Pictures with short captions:
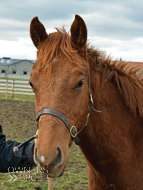 Sir Percy ex Oceans Apart colt - 23 March 2018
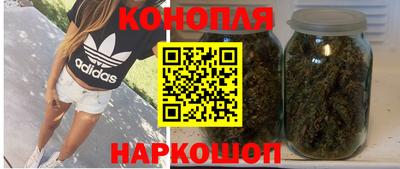 трава Новодвинск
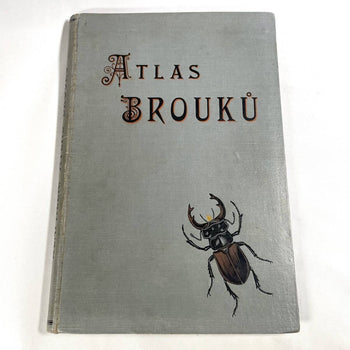 Atlas Brouku By Frantiek Klaplek, 1903, Czech Beetle Atlas, Full-Color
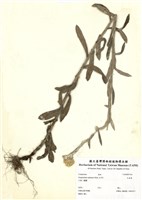 藏品(紅面番)的圖片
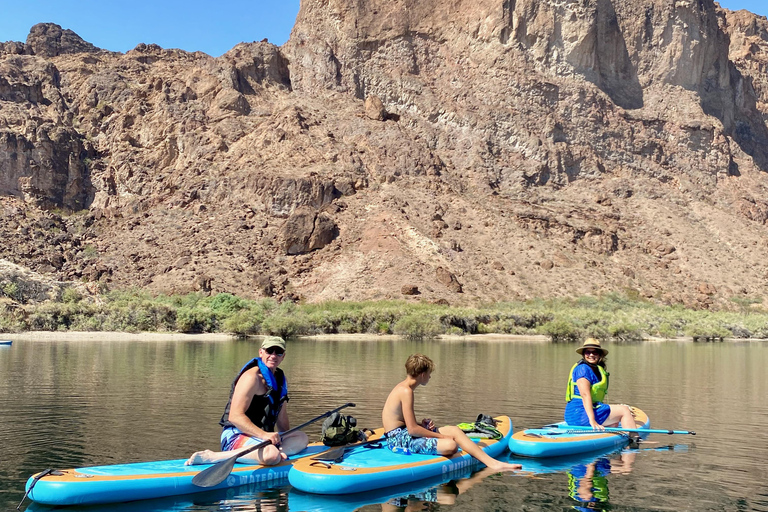 Plage de Willow : Location de paddle board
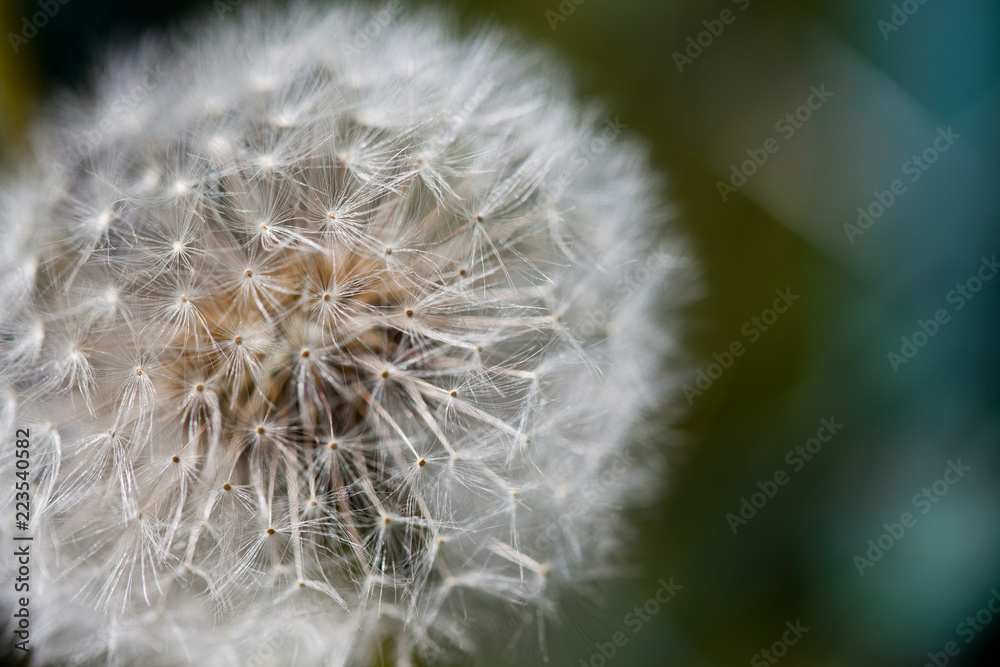 Fototapeta premium mniszek lekarski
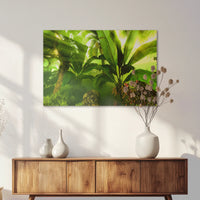 AC-075W050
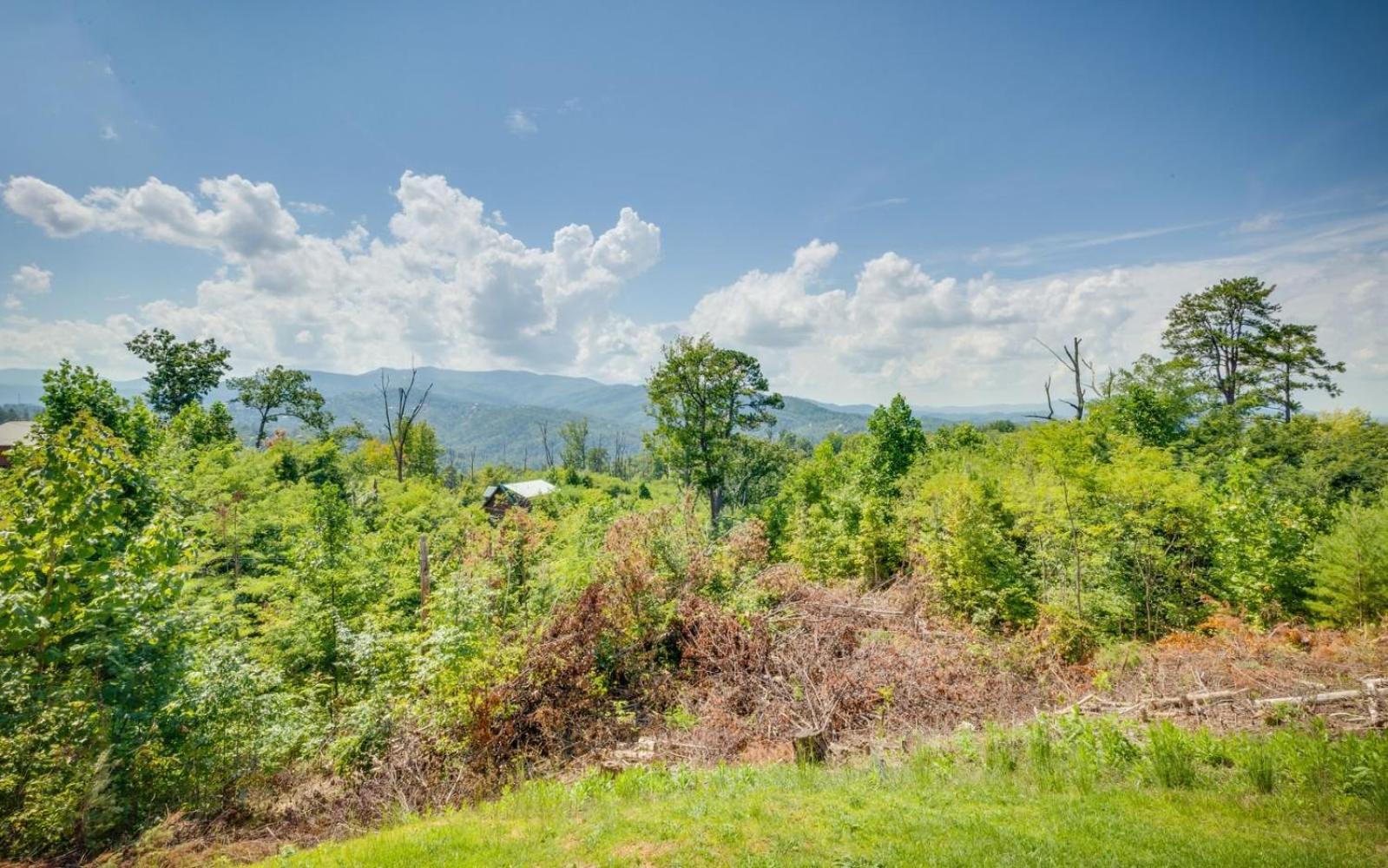 Vila Lifes A Bear Gatlinburg Exteriér fotografie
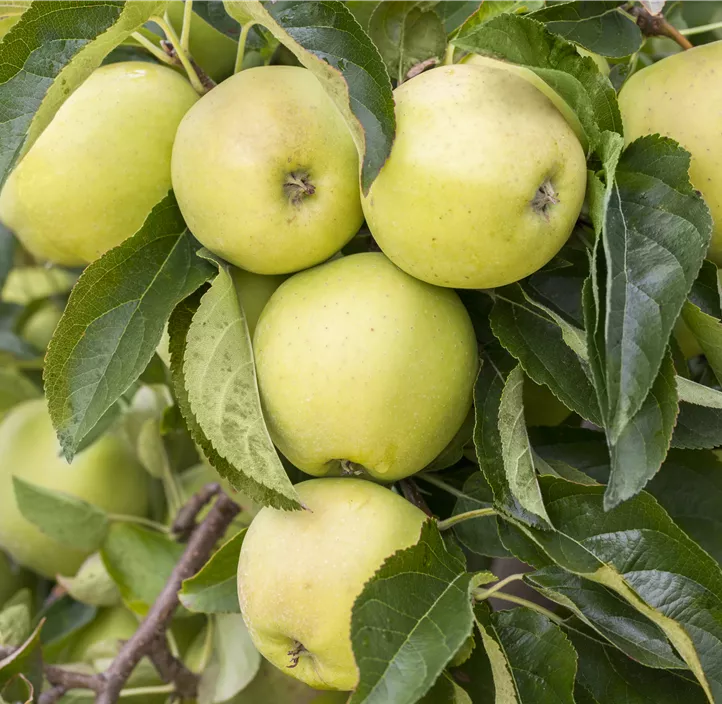 Apfel 'Golden Delicious'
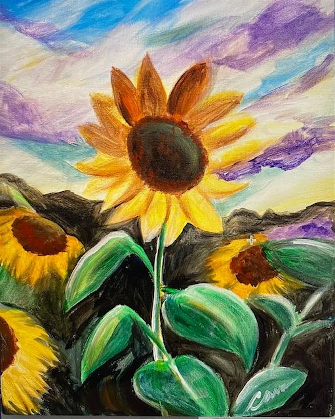 Sunflower Sky Orchid In Bloom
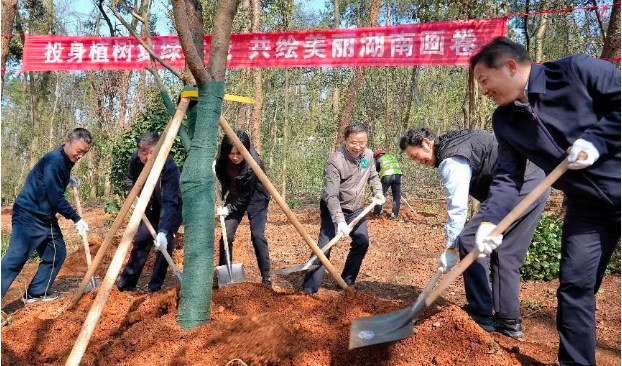 湖南今春营造林任务圆满完成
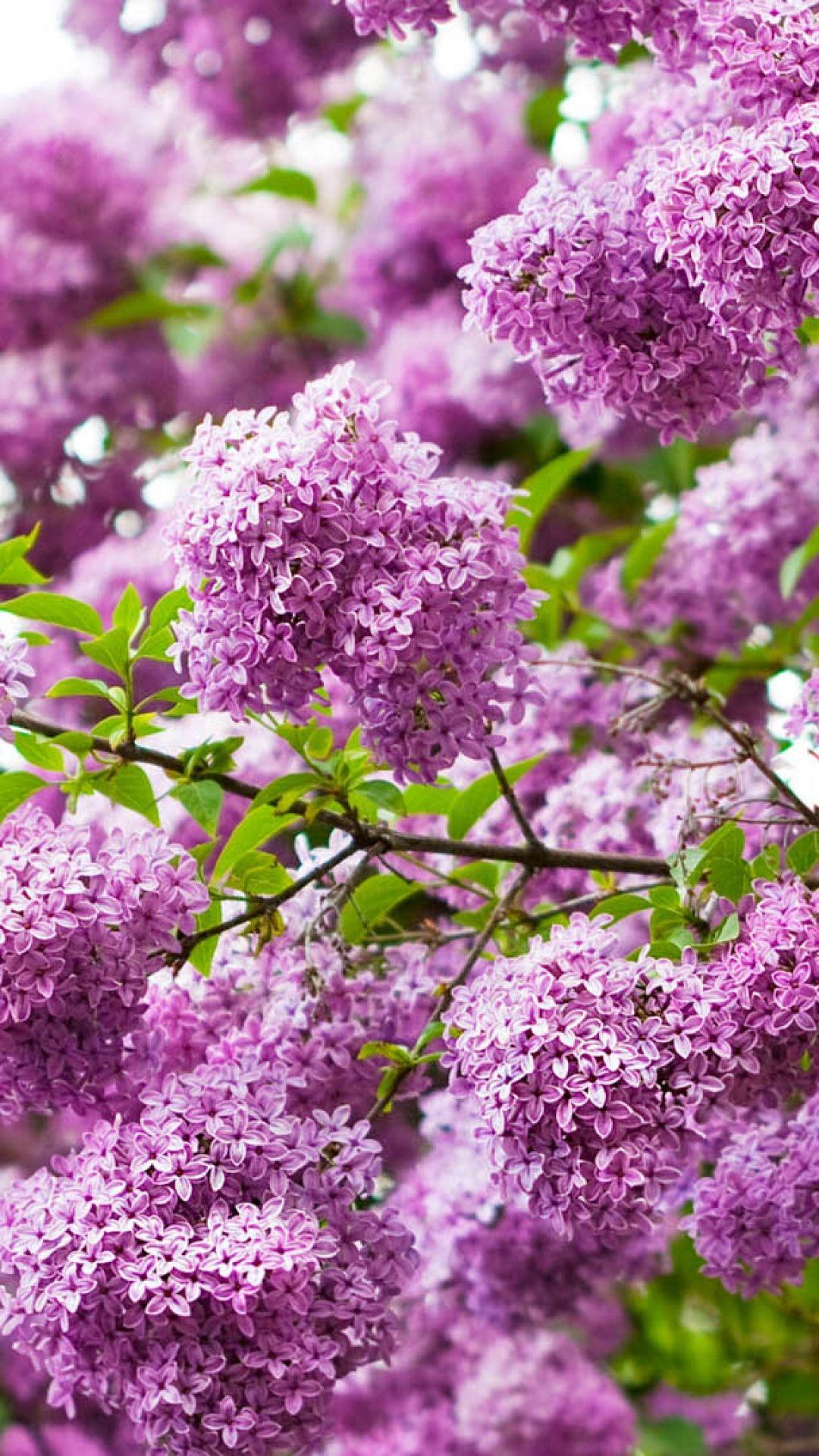 1080x1920 Lilacs Flower Bud Branch Tải xuống Miễn phí Hình nền iPhone 8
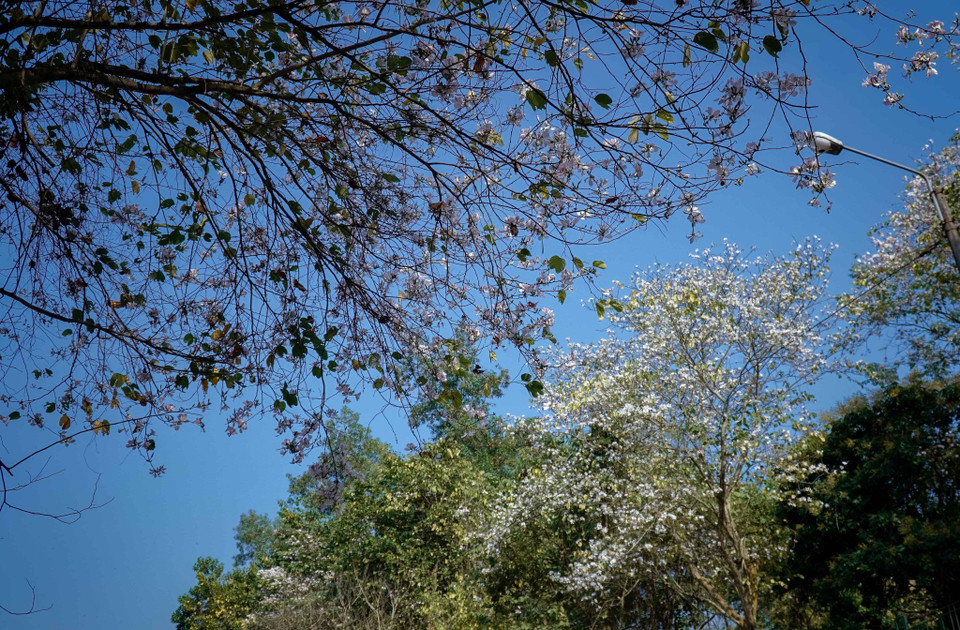 Les fleurs de bauhinia s'épanouissent à la mi-mars. Photo: VNA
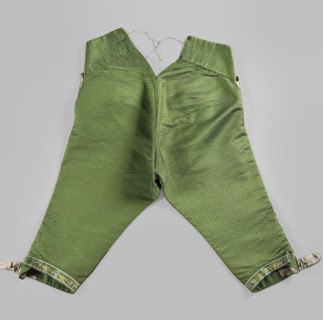 Trousers, plant motifs, floral motifs, clothing, fashion, men's clothing, 18th century clothing.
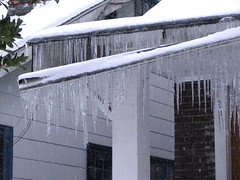 Icicles on Beacon Avenue. Photo by Wendi.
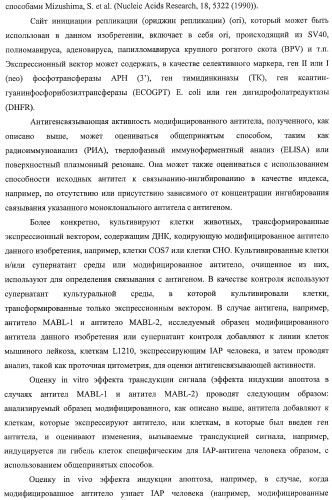 Агонистическое соединение, способное специфически узнавать и поперечно сшивать молекулу клеточной поверхности или внутриклеточную молекулу (патент 2430927)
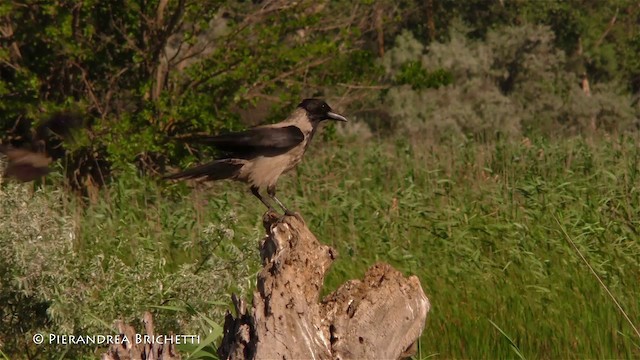 Hooded Crow (Hooded) - ML200822041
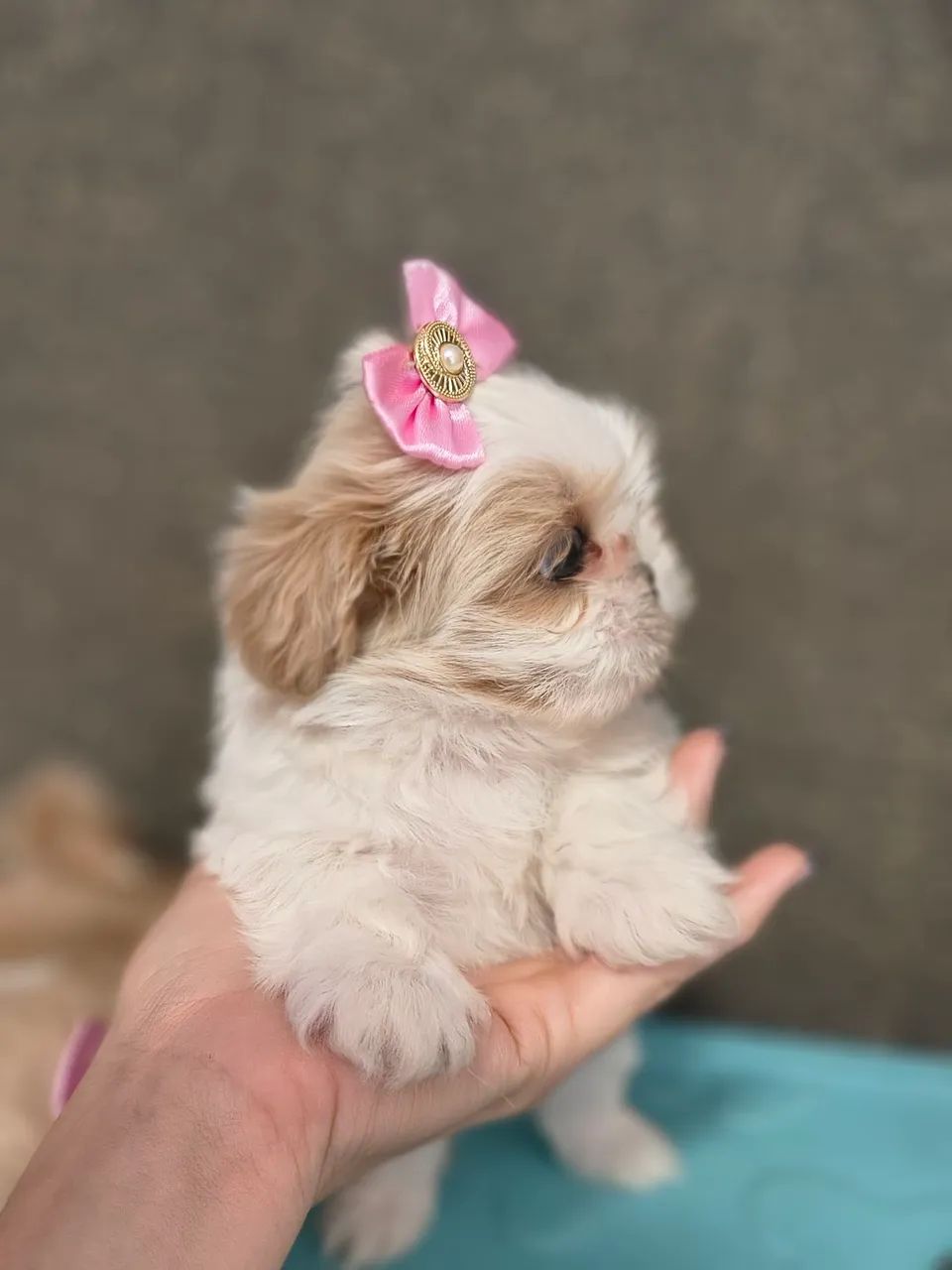 Shihtzu mini Fêmea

### WHAT IS EXPECTED
Set down exactly and only the lines from the line that contains "湖南今春营造林任务圆满完成" through the last line of the entries above, with both of those lines included and the pictures left out.

### EXERCISE RESPONSE
 湖南今春营造林任务圆满完成
 1080x1920 Lilacs Flower Bud Branch Tải xuống Miễn phí Hình nền iPhone 8
 Les fleurs de bauhinia s'épanouissent à la mi-mars. Photo: VNA
 Trousers, plant motifs, floral motifs, clothing, fashion, men's clothing, 18th century clothing.
 Icicles on Beacon Avenue. Photo by Wendi.
 Агонистическое соединение, способное специфически узнавать и поперечно сшивать молекулу клеточной поверхности или внутриклеточную молекулу (патент 2430927)
 Hooded Crow (Hooded) - ML200822041
 Shihtzu mini Fêmea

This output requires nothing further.